Birmingham, H.S. Junior Sweeps to Victory, Earns $25K Scholarship in American Legion Oratorical Contest
INDIANAPOLIS (April 24, 2022) – A junior from Alabama School of Fine Arts in Birmingham capped a busy weekend of competition in Indianapolis by earning a $25,000 college scholarship and first place in The American Legion High School Oratorical Scholarship Program – “A Constitutional Speech Contest.” Emma Noble’s winning prepared oration was titled “The Power of the Executive Order: Because I said so.”
Noble, who lives in Birmingham, started the weekend as one of 50 state or department champions in the 83rd annual contest. She advanced to the championship through three rounds of intense competition. Noble was sponsored by American Legion Post 555 in Pelham, Ala.
Ashley Tuell, a senior from Johnson City, Tenn., earned a $22,500 college scholarship with a second-place finish, while Jackson Boone, a 12th grade student from Calvert City, Ky., earned $20,000 and third place in the competition. The scholarships account for a small portion of post-secondary scholarships that The American Legion, the nation’s largest veterans organization, awards annually.
In her prepared oration, Noble compared the use of presidential executive orders to the common parental admonishment of authority “because I said so.” She pointed out positive examples of its use, such as the Emancipation Proclamation and the desegregation of the military but also mentioned that it was used by President Franklin D. Roosevelt to establish Japanese American internment camps during World War II.

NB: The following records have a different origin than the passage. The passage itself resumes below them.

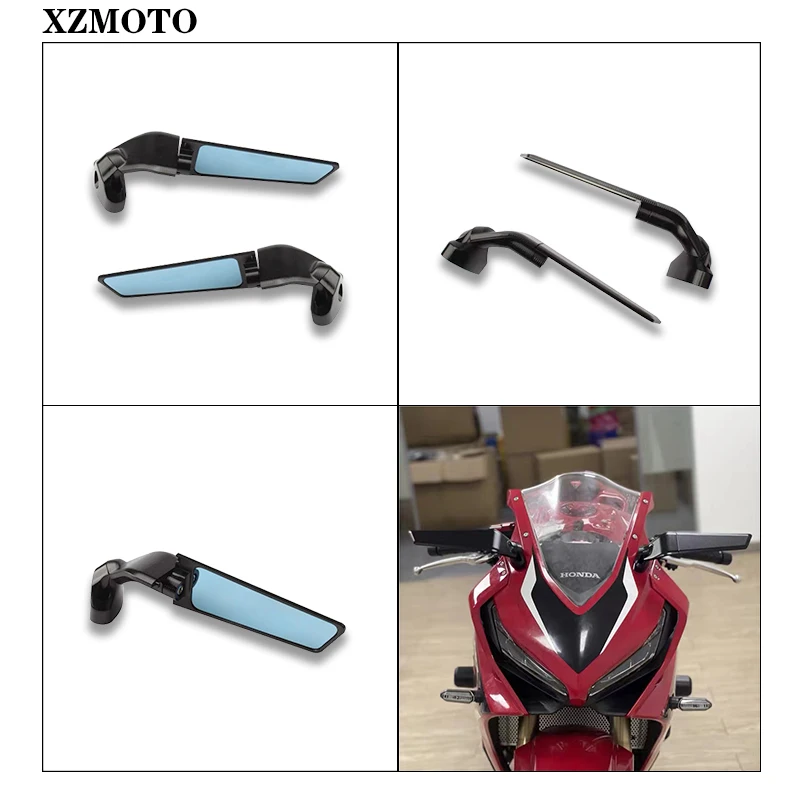 

New Motorcycle Mirror Modified Wind Wing Rotating Rearview Mirror For Honda CBR650R CBR 650 CB650R 2019 2020 2021 2022 2023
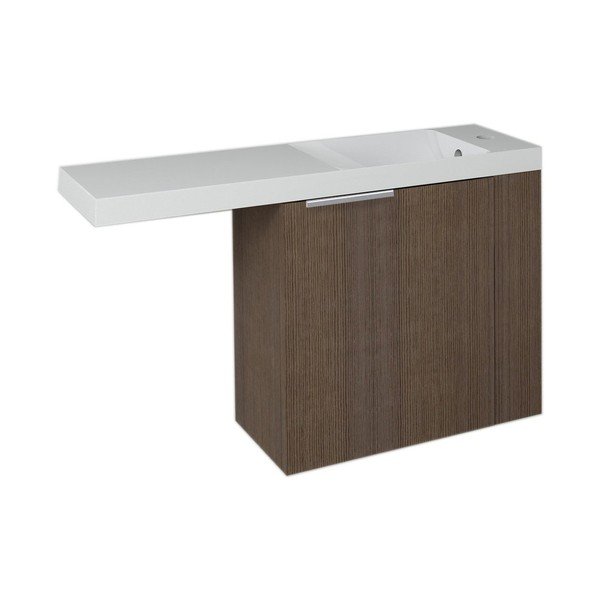 Pakabinama spintelė be kriauklės rudos spalvos iš pušies 50x50 cm Latus Vi – Sapho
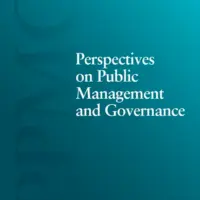 Perspectives on Public Management and Governance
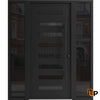Front Exterior Prehung Aluminum Door | Entry Steel Metal Classic Painted Door |  Iron 0188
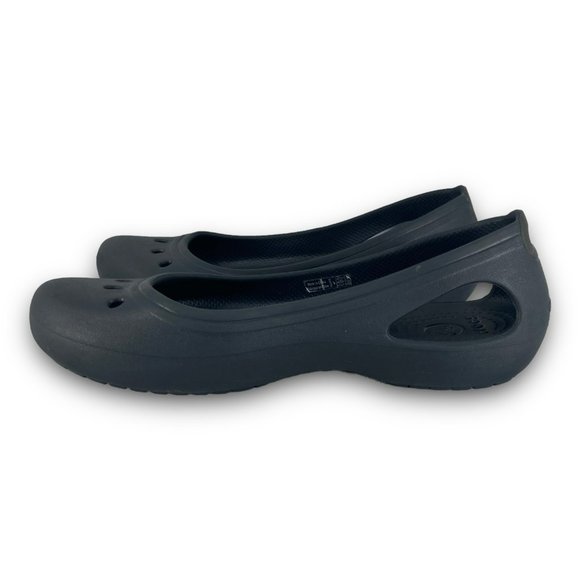 Crocs Kadee Ballets Flats 11215 Slip On Iconic Comfort Cushioned Black Women 7 - Picture 4 of 10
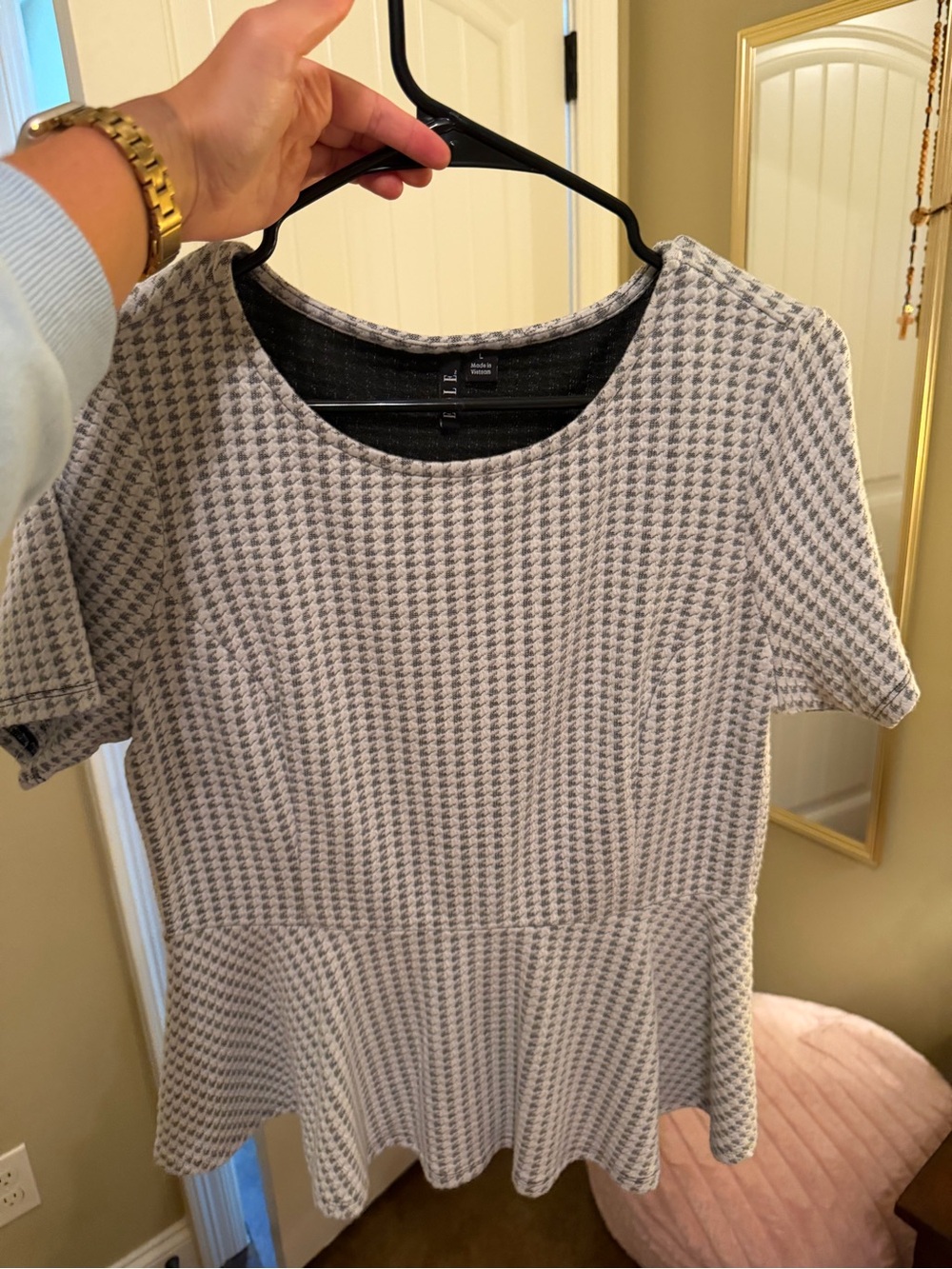 White and Black Elle Blouse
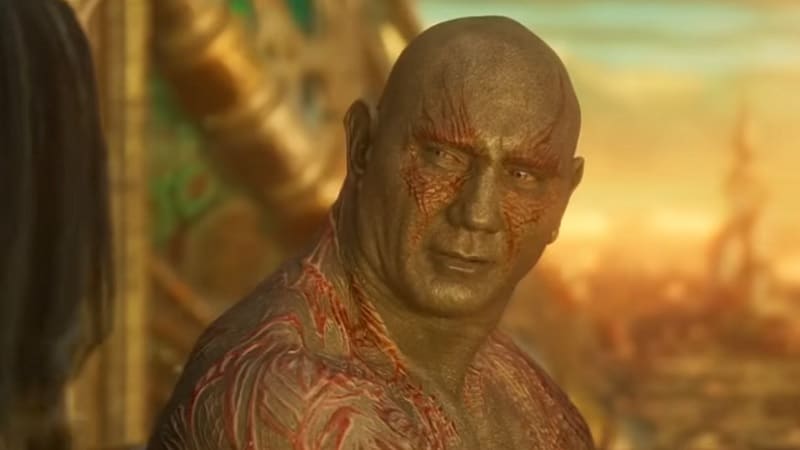 Drax (Dave Bautista) dans les Gardiens de la Galaxie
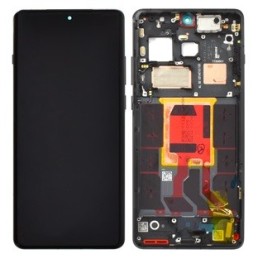 DISPLAY ONEPLUS 12 SILKY BLACK (NERO) WITH FRAME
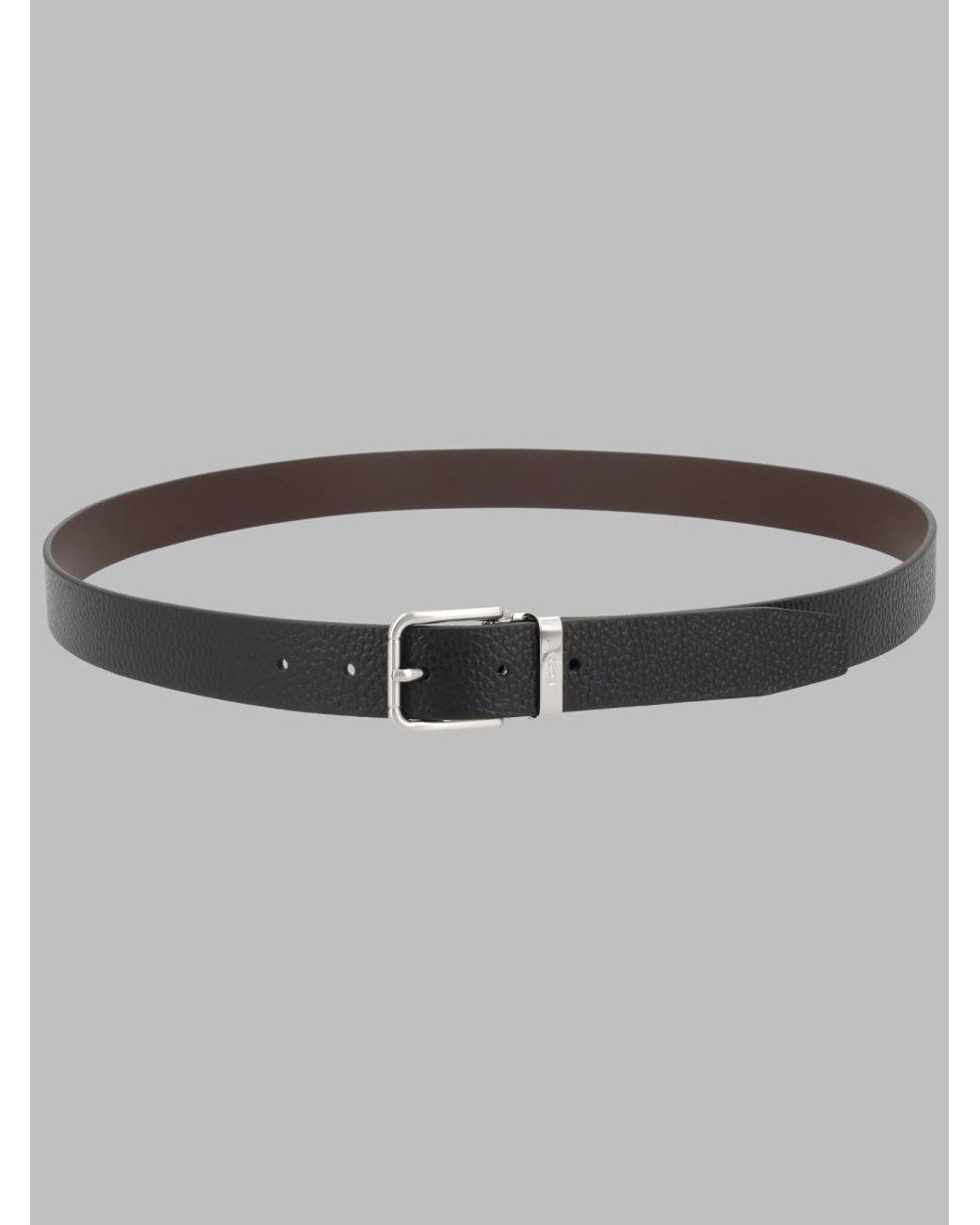 Boss Metallic Pebbled Leather Belt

Noble encouraged people to consider the use of executive orders when they vote. “Executive orders are an extremely valuable tool because they are much faster than passing a law through the legislative branch; however, they are not trivial to undo so you must have confidence in the person making them. It is a citizen’s responsibility to vote. Not only that, but to vote for someone you trust with the power of executive orders. Because I said so.”
In each round of the weekend competition, orators delivered a rehearsed 8- to 10-minute address and a randomly assigned 3- to 5-minute oration on a constitutional topic, each without the benefit of notes and in front of a live audience, including the judges. The nearly 2-million-member American Legion developed the contest to encourage young people to improve their communications skills and to study the U.S. Constitution. More than $3 million in scholarships have been awarded over the history of the contest.